» **EXERCISE PROMPT**
The response should contain all of the data below, reproduced exactly, and no pictures.

» **GIVEN INFORMATION**
= Beginning of Section =
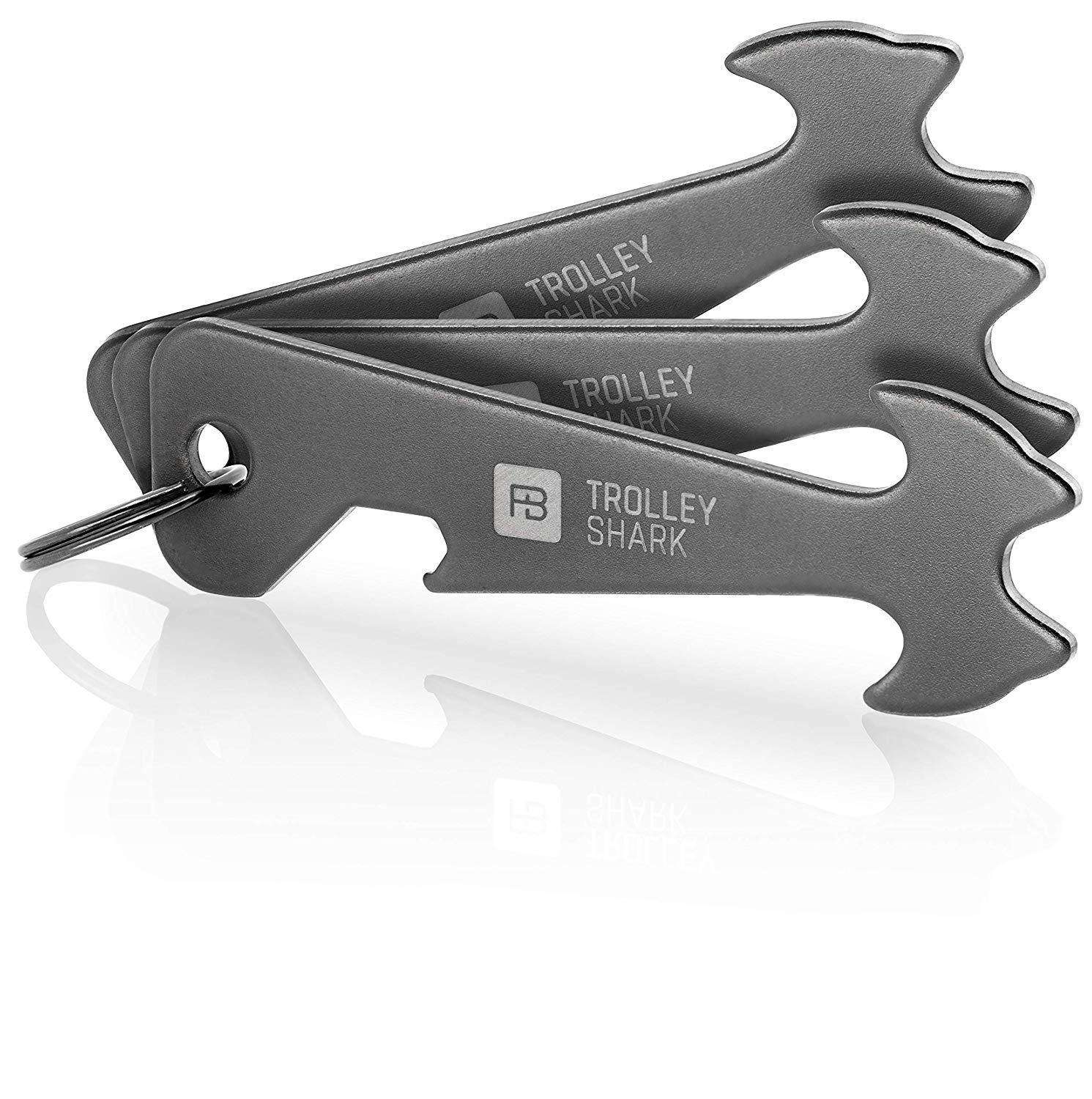 "Trolley Shark" (schwarz) Einkaufswagenlöser Schlüsselanhänger mit Flaschenöffner - FABACH#größe_3 stück (vorteilspack)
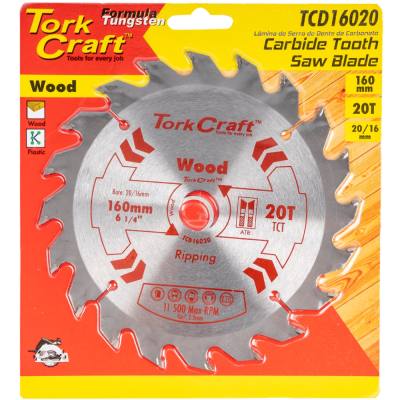BLADE TCT 160 X 20T 20/16 GENERAL PURPOSE RIP WOOD — image 1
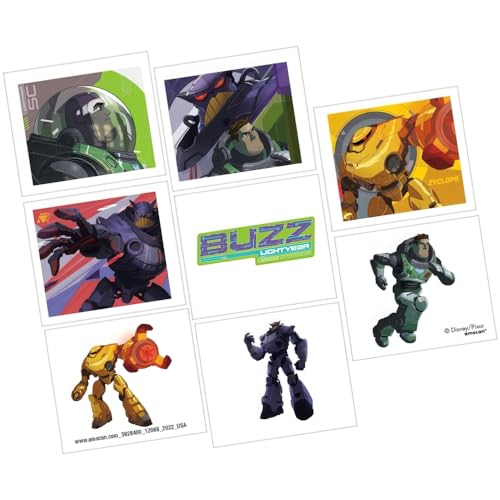 Lightyear Temporary Tattoos - 8 Pack Assorted Multicolor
= End of Section =
» **EXERCISE ANSWER**
 "Trolley Shark" (schwarz) Einkaufswagenlöser Schlüsselanhänger mit Flaschenöffner - FABACH#größe_3 stück (vorteilspack)
BLADE TCT 160 X 20T 20/16 GENERAL PURPOSE RIP WOOD — image 1
 Lightyear Temporary Tattoos - 8 Pack Assorted Multicolor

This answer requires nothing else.